Kasubdit Indag, AKBP Iman setiawan mengatakan, pelaku mengirim obat-obatan tersebut ke apotek dan melalui media daring (online). Menurut dia, pelaku memasarkan obat-obatan tersebut kepada anak remaja, pengamen, dan anak sekolahan. Jika dikonsumsi dengan banyak maka akan berefek seperti narkoba.
"(Fungsinya) Bukan pengganti narkoba tetapi mempunyai efek halusinasi yang sama dengan narkoba," ujar Iman kepada wartawan di Polda Metro Jaya, Kamis (12/1).
Sementara, Direktur Reserse Kriminal Khusus Polda Metro Jaya, Kombes Wahyu Hadiningrat menuturkan, obat-obatan tersebut disita dari dua tersangka yang merupakan pemilik dan distributor yakni M (33) dan MS (50) di Pasar Pramuka, Jakarta Timur.
"Obat-obatan ini tidak kita temukan di kios-kios sana (Pasar Pramuka). Di sana cuma transaksinya," ucap Wahyu.
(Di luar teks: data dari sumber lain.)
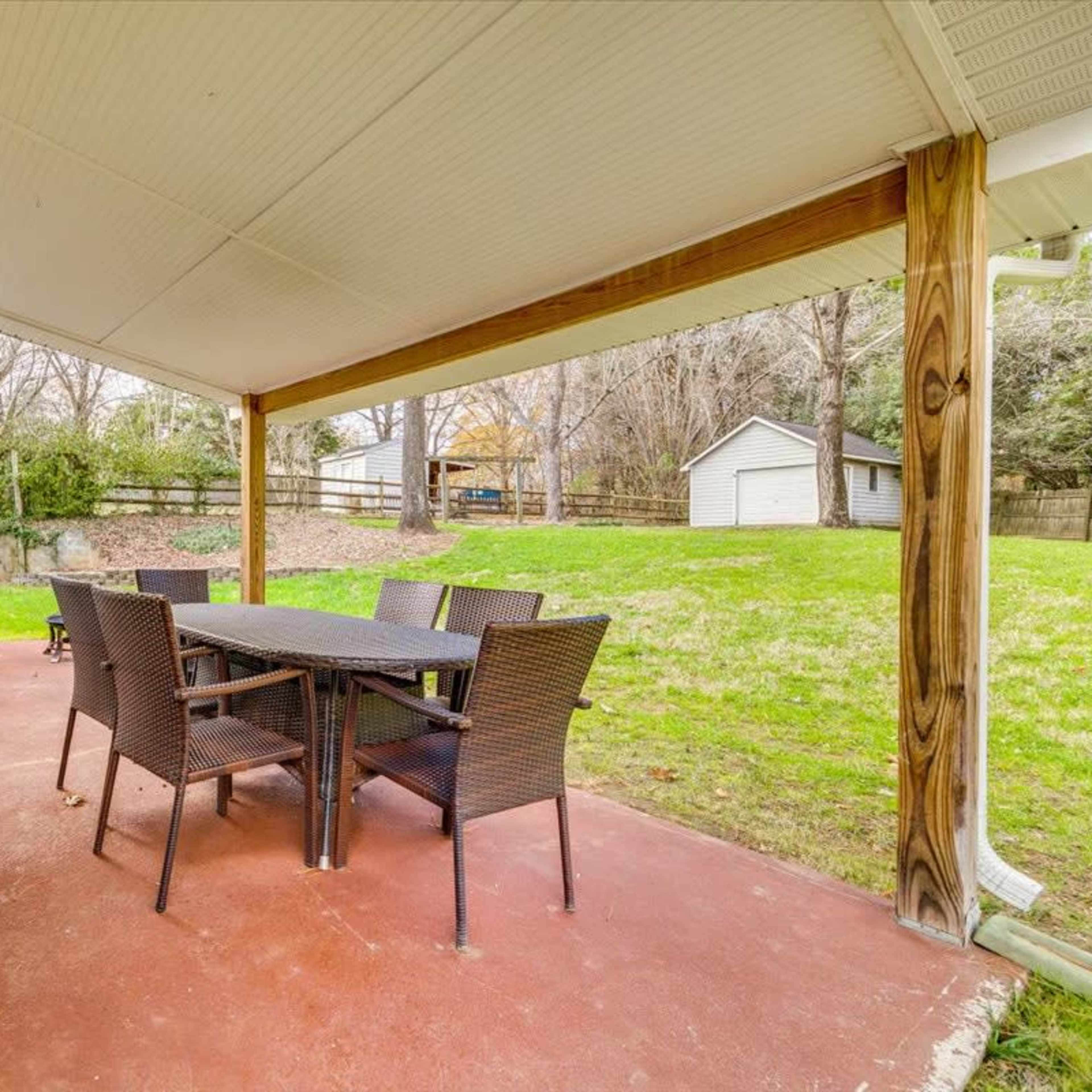 A covered outdoor patio with a table and six chairs, adjacent to a grassy backyard and a shed in the background.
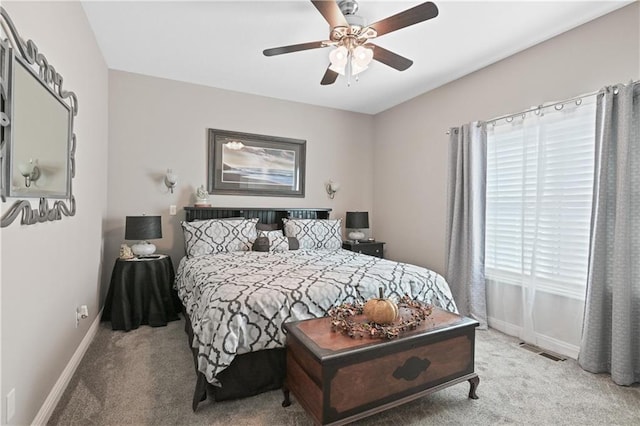 bedroom with light carpet and ceiling fan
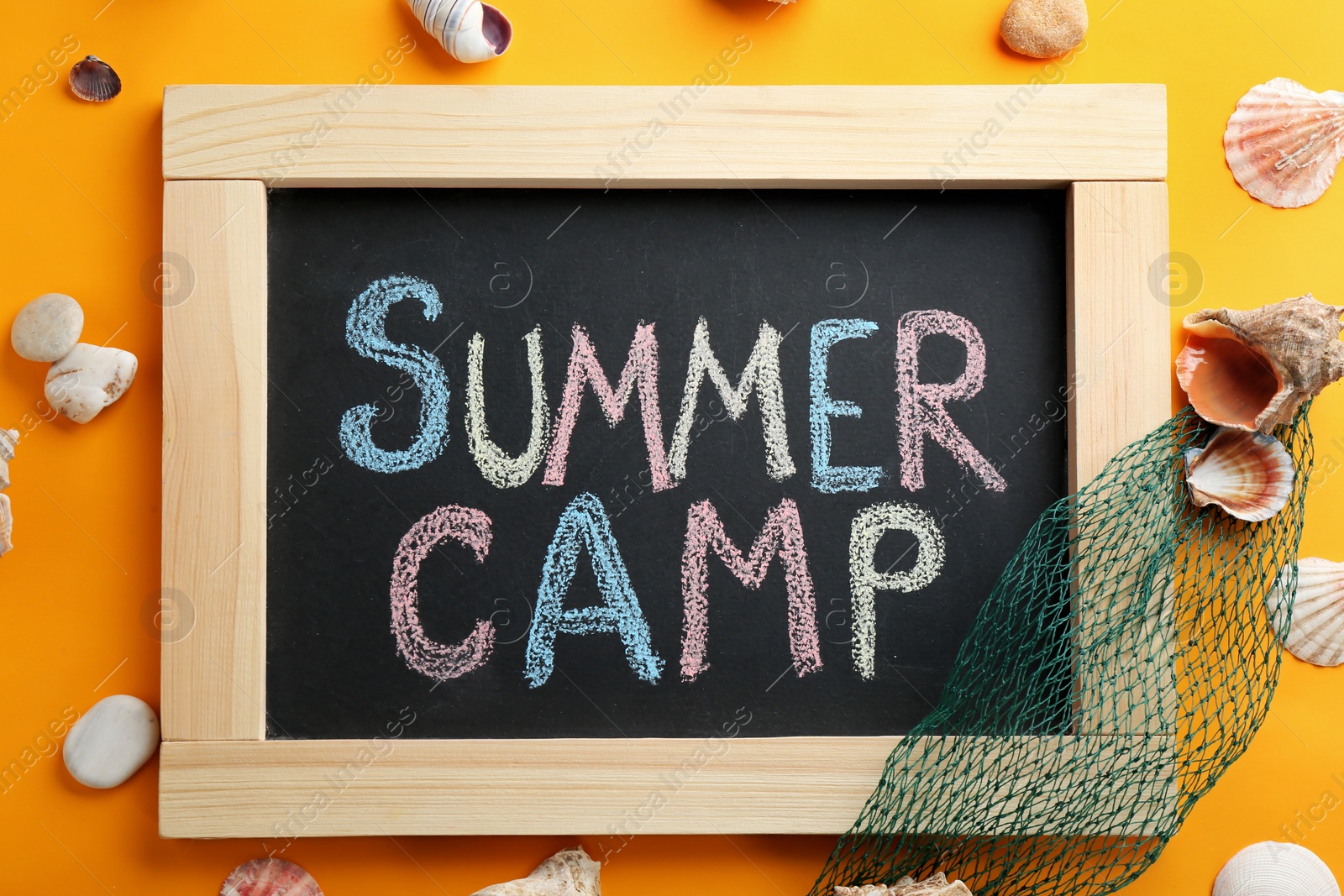 Photo of Text "SUMMER CAMP" on chalkboard, top view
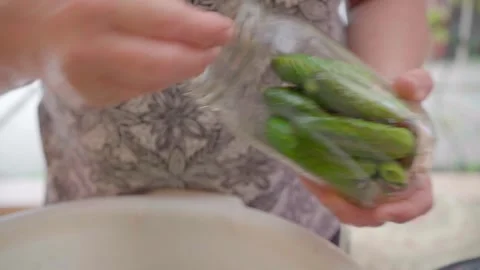 Pickling cucumbers. the process of placing cucumbers in jars. 스톡 동영상 245984452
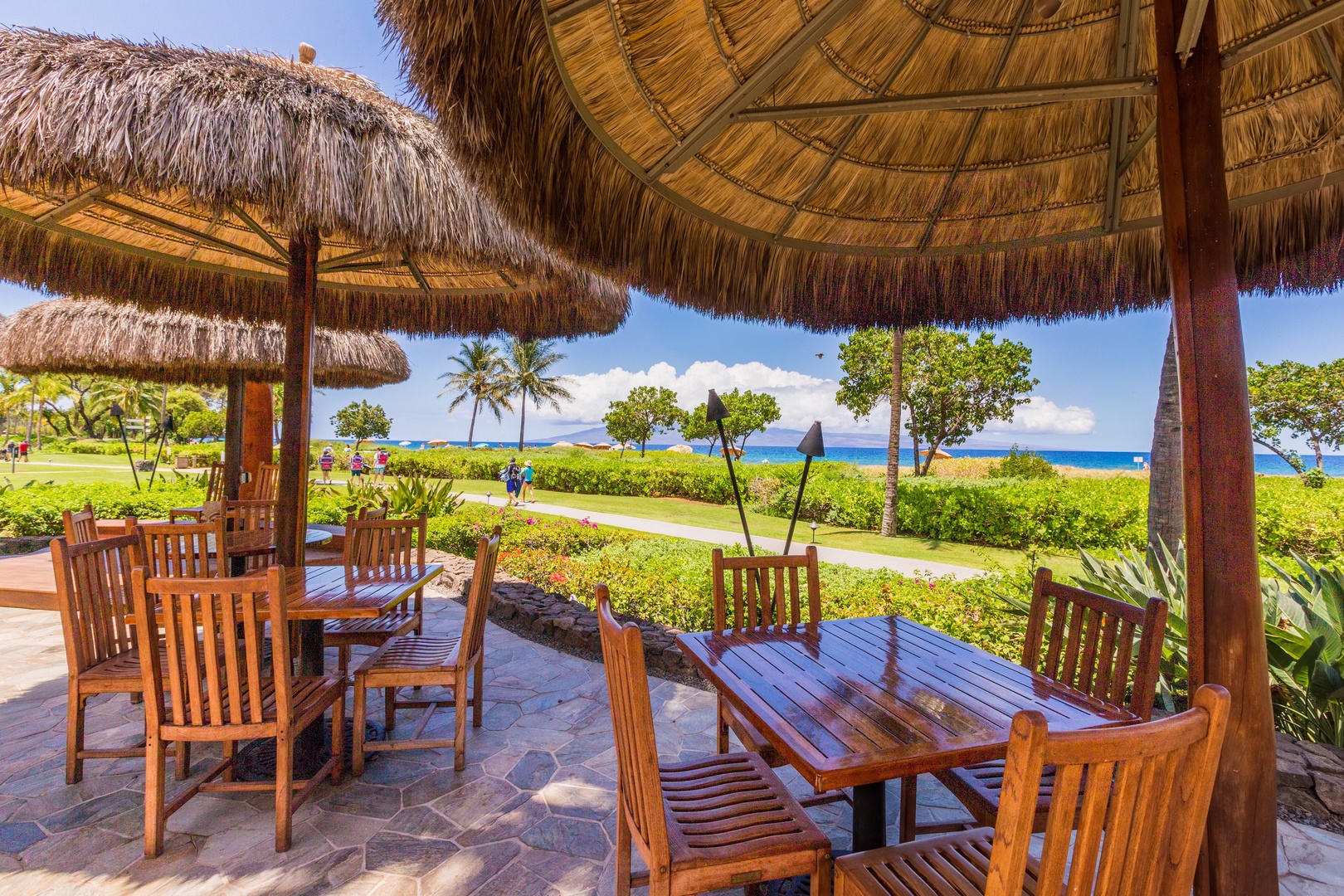 Lahaina Vacation Rentals, Honua Kai Hokulani 214 - Enjoy outdoor dining under the shade of traditional thatched umbrellas with stunning ocean views.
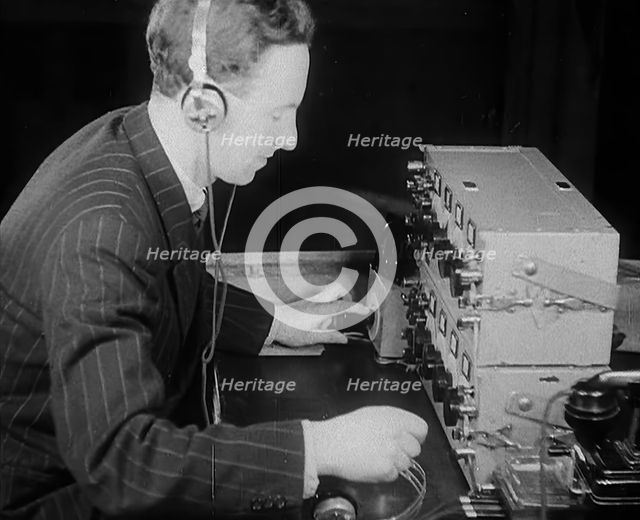 A Man Operating a Radio, 1940. Creator: British Pathe Ltd.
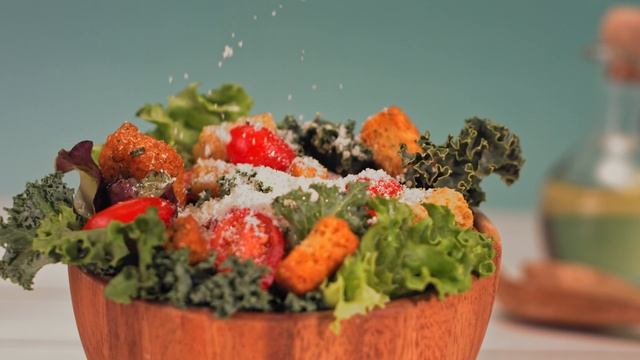 Сыр пармезан, посыпанный в замедленной съемке на вкусный зеленый салат
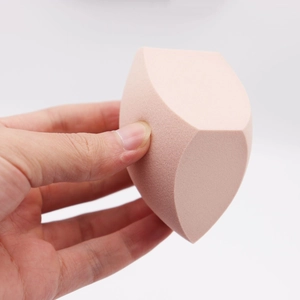 Pink slanted egg-shaped makeup sponge puff for smooth foundation application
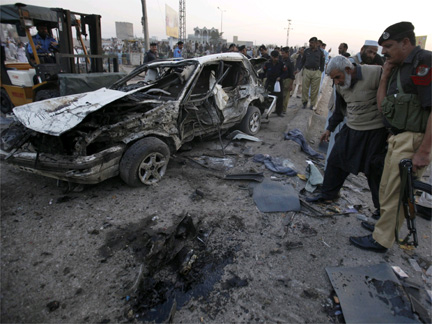 Security officials survey the site of Saturday's suicide bomb blast in Peshawar(Photo: Reuters)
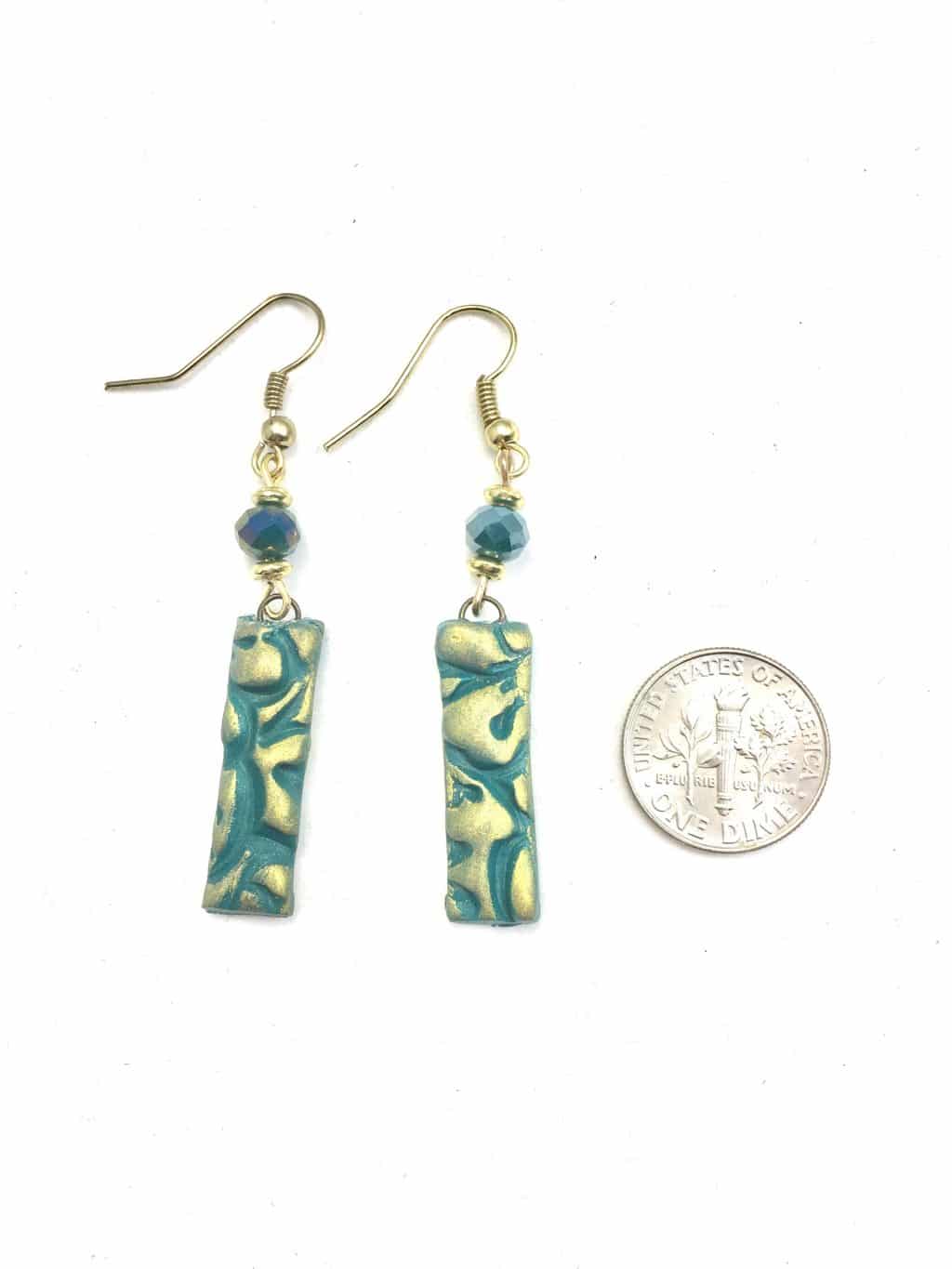 teal and gold bar earrings with a quarter next to them for size reference.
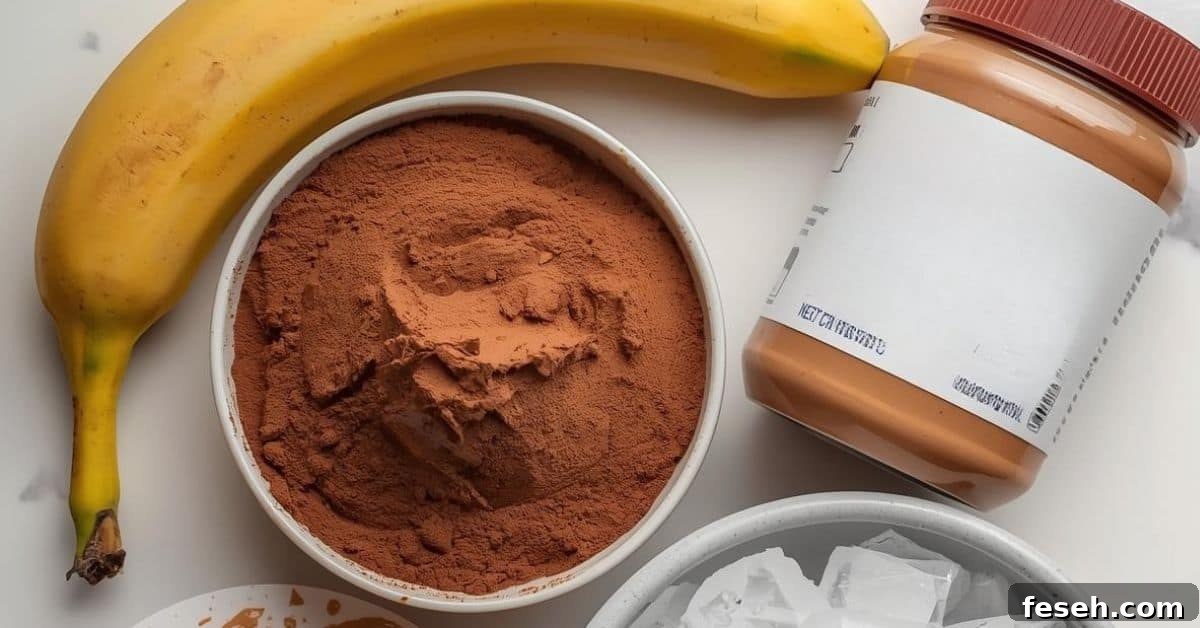 Chocolate Peanut Butter Banana Smoothie Recipe for Creamy Energy 4 A banana, a bowl of cocoa powder, a jar of peanut butter, and a bowl of ice cubes arranged on a white surface—perfect ingredients for a Chocolate Peanut Butter Banana Smoothie.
Dari hasil penyelidikan, diketahui obat tersebut berasal dari Wilayah Tangerang dan diedarkan secara bebas di Wilayah Jabodetabek. Para tersangka umumnya menjual dalam partai kecil dalam bentuk kemasan plastik yang menyasar pelanggannya.
"Penggunaannya harus dengan resep dokter. Penggunaan obat dalam jumlah banyak dapat menimbulkan halusinasi bagi konsumennya," kata Wahyu.
Jenis obat yang diedarkan rata-rata merupakan obat keras dan masuk lingkaran merah, seperti Hexymer, Tramadol HCL, Tramadol kapsul, dan Dexto Metorpham.
Sedangkan obat yang berfungsi sebagai penenang diantaranya Trihexyphenidyl 2 mg, Alprazolam 1 mg, Risperidone 2, Xlozapine 25, Zypraz 1 mg, Valdimex Diazepam 5 gram, Actazolam 1mg, Merlopam Lorazepam 2mg, Riklona Clonazepam 2mg, Tramadol, Chlorpromazine, Dextromethorphsn 15mg, dan Hexymer 2mg.
Obat tersebut dijual dalam partai kecil dengan harga bervariasi mulai dari Rp 10 ribu sampai Rp 20 ribu per paket dengan isi 10 butir pil. Dalam sebulan, komplotan ini bisa mendapat keuntungan sampai Rp 400 juta per bulan.
Dari tangan pelaku polisi juga mengamankan barang bukti berupa satu buah air shoftgun. Dalam kasus ini, pelaku diancam dengan pidana pidana 5 Tahun pidana dan denda Rp 2 miliar.
"Digunakan pelaku (air shofgun) untuk menakut-nakuti petugas POM yang akan melakukan pemeriksaan," jelas Wahyu.